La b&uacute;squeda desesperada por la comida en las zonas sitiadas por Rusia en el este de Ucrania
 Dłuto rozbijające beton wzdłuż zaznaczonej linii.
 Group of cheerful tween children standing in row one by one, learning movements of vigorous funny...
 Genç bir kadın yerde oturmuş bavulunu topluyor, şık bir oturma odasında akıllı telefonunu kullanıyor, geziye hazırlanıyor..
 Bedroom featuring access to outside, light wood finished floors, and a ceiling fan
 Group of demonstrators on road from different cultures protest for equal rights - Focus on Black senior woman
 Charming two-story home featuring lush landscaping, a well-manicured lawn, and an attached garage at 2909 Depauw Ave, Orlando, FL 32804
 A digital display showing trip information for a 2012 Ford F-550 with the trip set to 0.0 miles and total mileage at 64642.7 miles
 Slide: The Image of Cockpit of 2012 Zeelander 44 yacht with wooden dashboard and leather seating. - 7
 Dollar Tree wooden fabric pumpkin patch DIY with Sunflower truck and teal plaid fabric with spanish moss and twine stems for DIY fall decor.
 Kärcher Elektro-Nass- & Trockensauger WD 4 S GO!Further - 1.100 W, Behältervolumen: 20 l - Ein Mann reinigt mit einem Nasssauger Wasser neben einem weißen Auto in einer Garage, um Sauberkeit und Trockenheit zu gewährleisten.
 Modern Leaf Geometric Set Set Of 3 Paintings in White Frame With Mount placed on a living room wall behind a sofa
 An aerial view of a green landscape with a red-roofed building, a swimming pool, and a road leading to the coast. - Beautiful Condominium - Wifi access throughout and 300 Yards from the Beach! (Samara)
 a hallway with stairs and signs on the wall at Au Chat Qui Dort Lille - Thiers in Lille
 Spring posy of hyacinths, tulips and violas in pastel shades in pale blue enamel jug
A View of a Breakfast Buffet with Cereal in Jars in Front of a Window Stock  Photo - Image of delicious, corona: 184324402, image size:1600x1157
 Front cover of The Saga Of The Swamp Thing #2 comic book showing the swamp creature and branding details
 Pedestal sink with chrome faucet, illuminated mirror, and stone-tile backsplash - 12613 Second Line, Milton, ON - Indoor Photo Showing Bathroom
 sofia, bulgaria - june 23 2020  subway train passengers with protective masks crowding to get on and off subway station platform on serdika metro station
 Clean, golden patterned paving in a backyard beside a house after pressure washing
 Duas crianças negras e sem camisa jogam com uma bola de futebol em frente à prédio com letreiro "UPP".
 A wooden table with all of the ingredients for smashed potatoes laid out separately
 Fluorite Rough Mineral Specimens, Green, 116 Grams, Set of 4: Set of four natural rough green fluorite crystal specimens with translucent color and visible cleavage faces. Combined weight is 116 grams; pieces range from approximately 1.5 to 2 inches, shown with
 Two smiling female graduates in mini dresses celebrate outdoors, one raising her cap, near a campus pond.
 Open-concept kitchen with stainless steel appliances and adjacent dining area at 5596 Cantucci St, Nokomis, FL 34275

TASK PROMPT → Every record should be given again without alteration.

WRITTEN RESPONSE →
La b&uacute;squeda desesperada por la comida en las zonas sitiadas por Rusia en el este de Ucrania
 Dłuto rozbijające beton wzdłuż zaznaczonej linii.
 Group of cheerful tween children standing in row one by one, learning movements of vigorous funny...
 Genç bir kadın yerde oturmuş bavulunu topluyor, şık bir oturma odasında akıllı telefonunu kullanıyor, geziye hazırlanıyor..
 Bedroom featuring access to outside, light wood finished floors, and a ceiling fan
 Group of demonstrators on road from different cultures protest for equal rights - Focus on Black senior woman
 Charming two-story home featuring lush landscaping, a well-manicured lawn, and an attached garage at 2909 Depauw Ave, Orlando, FL 32804
 A digital display showing trip information for a 2012 Ford F-550 with the trip set to 0.0 miles and total mileage at 64642.7 miles
 Slide: The Image of Cockpit of 2012 Zeelander 44 yacht with wooden dashboard and leather seating. - 7
 Dollar Tree wooden fabric pumpkin patch DIY with Sunflower truck and teal plaid fabric with spanish moss and twine stems for DIY fall decor.
 Kärcher Elektro-Nass- & Trockensauger WD 4 S GO!Further - 1.100 W, Behältervolumen: 20 l - Ein Mann reinigt mit einem Nasssauger Wasser neben einem weißen Auto in einer Garage, um Sauberkeit und Trockenheit zu gewährleisten.
 Modern Leaf Geometric Set Set Of 3 Paintings in White Frame With Mount placed on a living room wall behind a sofa
 An aerial view of a green landscape with a red-roofed building, a swimming pool, and a road leading to the coast. - Beautiful Condominium - Wifi access throughout and 300 Yards from the Beach! (Samara)
 a hallway with stairs and signs on the wall at Au Chat Qui Dort Lille - Thiers in Lille
 Spring posy of hyacinths, tulips and violas in pastel shades in pale blue enamel jug
A View of a Breakfast Buffet with Cereal in Jars in Front of a Window Stock  Photo - Image of delicious, corona: 184324402, image size:1600x1157
 Front cover of The Saga Of The Swamp Thing #2 comic book showing the swamp creature and branding details
 Pedestal sink with chrome faucet, illuminated mirror, and stone-tile backsplash - 12613 Second Line, Milton, ON - Indoor Photo Showing Bathroom
 sofia, bulgaria - june 23 2020  subway train passengers with protective masks crowding to get on and off subway station platform on serdika metro station
 Clean, golden patterned paving in a backyard beside a house after pressure washing
 Duas crianças negras e sem camisa jogam com uma bola de futebol em frente à prédio com letreiro "UPP".
 A wooden table with all of the ingredients for smashed potatoes laid out separately
 Fluorite Rough Mineral Specimens, Green, 116 Grams, Set of 4: Set of four natural rough green fluorite crystal specimens with translucent color and visible cleavage faces. Combined weight is 116 grams; pieces range from approximately 1.5 to 2 inches, shown with
 Two smiling female graduates in mini dresses celebrate outdoors, one raising her cap, near a campus pond.
 Open-concept kitchen with stainless steel appliances and adjacent dining area at 5596 Cantucci St, Nokomis, FL 34275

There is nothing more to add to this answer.